On this page

Selection Strategies

Learn how to use different metrics and strategies to select the best community detection solution from a Pareto front

info

Prerequisites: This guide assumes you have completed the Basic Usage tutorial and understand how to generate Pareto fronts using HpMocd.

Understanding Pareto Front Selection

When using HpMocd for community detection, you often get multiple equally valid solutions along a Pareto front. Each solution represents a different trade-off between competing objectives (like intra-community cohesion vs. inter-community separation). This guide shows you how to systematically select the best solution for your specific needs.

warning

Important: There’s no universally “best” solution on a Pareto front. The optimal choice depends on your domain knowledge, application requirements, and evaluation criteria.

Quick Start: Generate a Pareto Front

First, let’s generate a Pareto front using the enhanced algorithm:

  import networkx as nx
import numpy as np
from pymocd import HpMocd
from sklearn.metrics import adjusted_rand_score
import matplotlib.pyplot as plt

G = nx.karate_club_graph()

def generate_robust_pareto_front(G, max_attempts=3):
    best_front = None
    best_size = 0

    for attempt in range(max_attempts):
        # Recommendation: Try different parameter combinations
        params = {
            'num_gens': [150, 200, 250][attempt],
            'pop_size': [120, 150, 100][attempt],
            'mut_rate': [0.2, 0.4, 0.8][attempt],
            'cross_rate': [0.9, 1.0, 0.8][attempt]
        }

        alg = HpMocd(G, **params)
        front = alg.generate_pareto_front()

        if len(front) > best_size:
            best_front = front
            best_size = len(front)

    return best_front

# Generate the front
pareto_front = generate_robust_pareto_front(G)
print(f"Generated {len(pareto_front)} Pareto-optimal solutions")

(i) Coherence-Based Selection

Use case: When you have an approximation of the ground truth or domain knowledge about the expected community structure.

Implementation

  def select_by_coherence(pareto_front, G, coherence_metric='adjusted_rand'):
    true_labels = []
    for node in sorted(G.nodes()):
        true_labels.append(0 if G.nodes[node]['club'] == 'Mr.
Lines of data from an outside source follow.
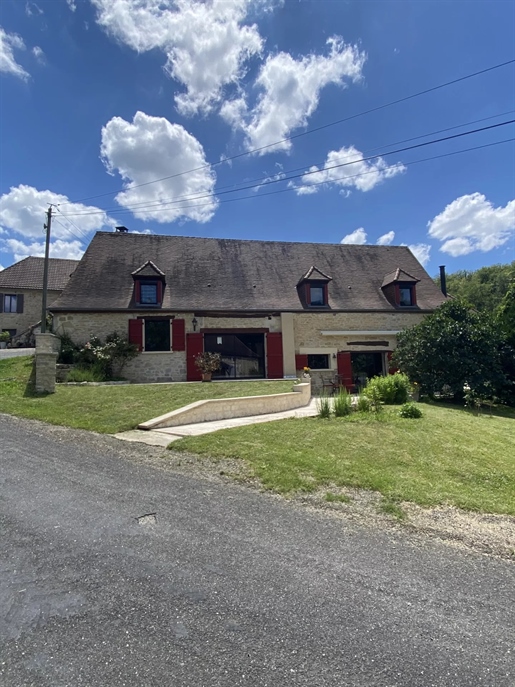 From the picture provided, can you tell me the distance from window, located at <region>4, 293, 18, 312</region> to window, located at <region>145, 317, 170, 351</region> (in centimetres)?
1842

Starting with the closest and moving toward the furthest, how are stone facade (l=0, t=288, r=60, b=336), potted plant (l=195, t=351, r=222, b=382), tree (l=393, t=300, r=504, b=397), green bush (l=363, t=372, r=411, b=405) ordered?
green bush (l=363, t=372, r=411, b=405), tree (l=393, t=300, r=504, b=397), potted plant (l=195, t=351, r=222, b=382), stone facade (l=0, t=288, r=60, b=336)

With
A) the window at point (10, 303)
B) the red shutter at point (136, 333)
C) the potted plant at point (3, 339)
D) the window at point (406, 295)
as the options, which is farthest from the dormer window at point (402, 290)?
the window at point (10, 303)

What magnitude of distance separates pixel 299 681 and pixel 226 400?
7514 millimetres

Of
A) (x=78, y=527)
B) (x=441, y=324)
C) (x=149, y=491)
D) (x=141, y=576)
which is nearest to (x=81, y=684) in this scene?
(x=141, y=576)

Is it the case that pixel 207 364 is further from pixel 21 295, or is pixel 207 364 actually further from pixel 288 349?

Hi' else 1)

    best_solution = None
    best_coherence = -1
    coherence_scores = []

    for assignment, objectives in pareto_front:
        pred_labels = [assignment[node] for node in sorted(G.nodes())]
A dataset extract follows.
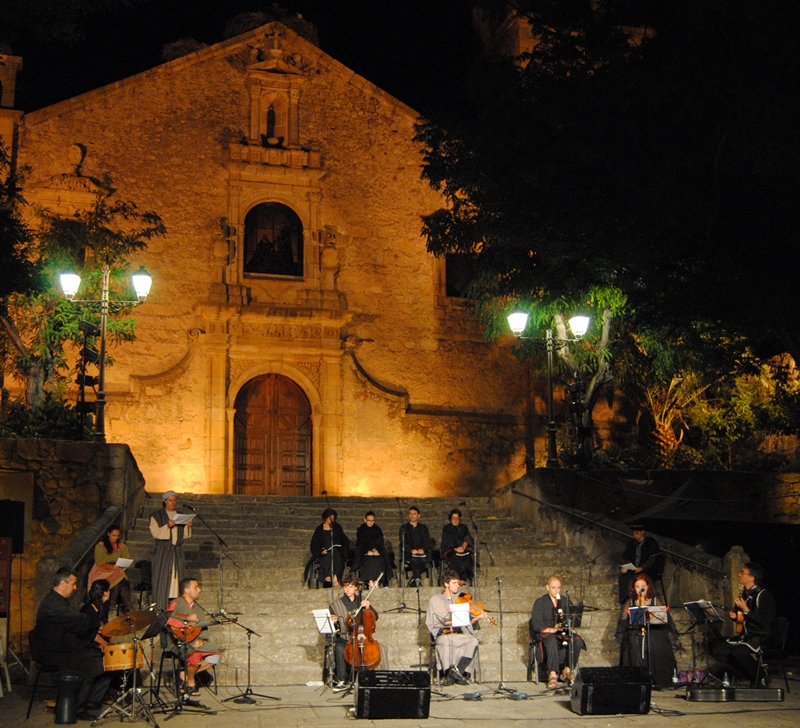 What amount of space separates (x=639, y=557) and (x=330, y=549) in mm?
3869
        if coherence_metric == 'adjusted_rand':
            coherence = adjusted_rand_score(true_labels, pred_labels)
        coherence_scores.append(coherence)

        if coherence > best_coherence:
            best_coherence = coherence
            best_solution = (assignment, objectives)
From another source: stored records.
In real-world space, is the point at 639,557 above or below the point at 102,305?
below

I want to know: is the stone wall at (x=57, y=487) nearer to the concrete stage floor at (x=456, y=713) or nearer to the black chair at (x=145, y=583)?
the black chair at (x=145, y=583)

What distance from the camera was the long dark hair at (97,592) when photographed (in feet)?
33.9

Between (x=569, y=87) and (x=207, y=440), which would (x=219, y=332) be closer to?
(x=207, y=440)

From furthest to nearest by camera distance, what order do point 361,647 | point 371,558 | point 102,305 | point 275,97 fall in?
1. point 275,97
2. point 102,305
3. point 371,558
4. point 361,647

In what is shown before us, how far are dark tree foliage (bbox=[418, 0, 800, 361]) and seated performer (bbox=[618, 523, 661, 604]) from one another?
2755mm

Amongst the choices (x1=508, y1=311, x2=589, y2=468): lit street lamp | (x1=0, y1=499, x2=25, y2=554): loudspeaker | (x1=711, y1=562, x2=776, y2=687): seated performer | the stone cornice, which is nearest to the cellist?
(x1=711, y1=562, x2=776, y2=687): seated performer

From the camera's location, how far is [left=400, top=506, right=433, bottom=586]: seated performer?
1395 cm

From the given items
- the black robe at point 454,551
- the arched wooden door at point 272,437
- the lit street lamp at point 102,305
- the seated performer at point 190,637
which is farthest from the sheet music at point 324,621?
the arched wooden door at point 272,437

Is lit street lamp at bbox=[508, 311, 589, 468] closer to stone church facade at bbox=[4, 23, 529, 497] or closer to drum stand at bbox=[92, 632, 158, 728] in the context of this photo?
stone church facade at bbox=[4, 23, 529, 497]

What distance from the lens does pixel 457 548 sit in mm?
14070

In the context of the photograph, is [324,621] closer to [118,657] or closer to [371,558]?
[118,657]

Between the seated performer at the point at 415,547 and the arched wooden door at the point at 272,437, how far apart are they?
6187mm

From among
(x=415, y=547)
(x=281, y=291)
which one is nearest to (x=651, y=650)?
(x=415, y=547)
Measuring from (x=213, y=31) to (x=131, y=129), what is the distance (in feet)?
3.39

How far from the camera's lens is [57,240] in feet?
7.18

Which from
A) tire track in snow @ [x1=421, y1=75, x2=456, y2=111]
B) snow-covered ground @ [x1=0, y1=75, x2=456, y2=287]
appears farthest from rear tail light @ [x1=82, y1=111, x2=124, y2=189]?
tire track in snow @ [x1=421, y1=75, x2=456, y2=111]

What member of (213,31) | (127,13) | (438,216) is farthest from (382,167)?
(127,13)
    return best_solution, best_coherence, coherence_scores

best_solution, coherence, all_coherences = select_by_coherence(pareto_front, G)
print(f"Best coherence: {coherence:.3f}")
print(f"Selected solution has {len(set(best_solution[0].values()))} communities")

When to Use?

check_circle

If Data Validation exists

check_circle

Expert-annotated community structure available

report

Exploratory analysis without prior knowledge

Problems that you may encounter.

report

WARNING: Just because you know the best solution doesn’t mean the algorithm does too. Sometimes the “optimal” solution may have been dominated in the algorithm’s evolution; see the example below.

Here, we have a lot of solutions with high coerence, but none 1. Why?

Because the best ground truth solution, it is not a non-dominated solution;
Your “best” solution probably had less intra or inter values, so, another one dominate it.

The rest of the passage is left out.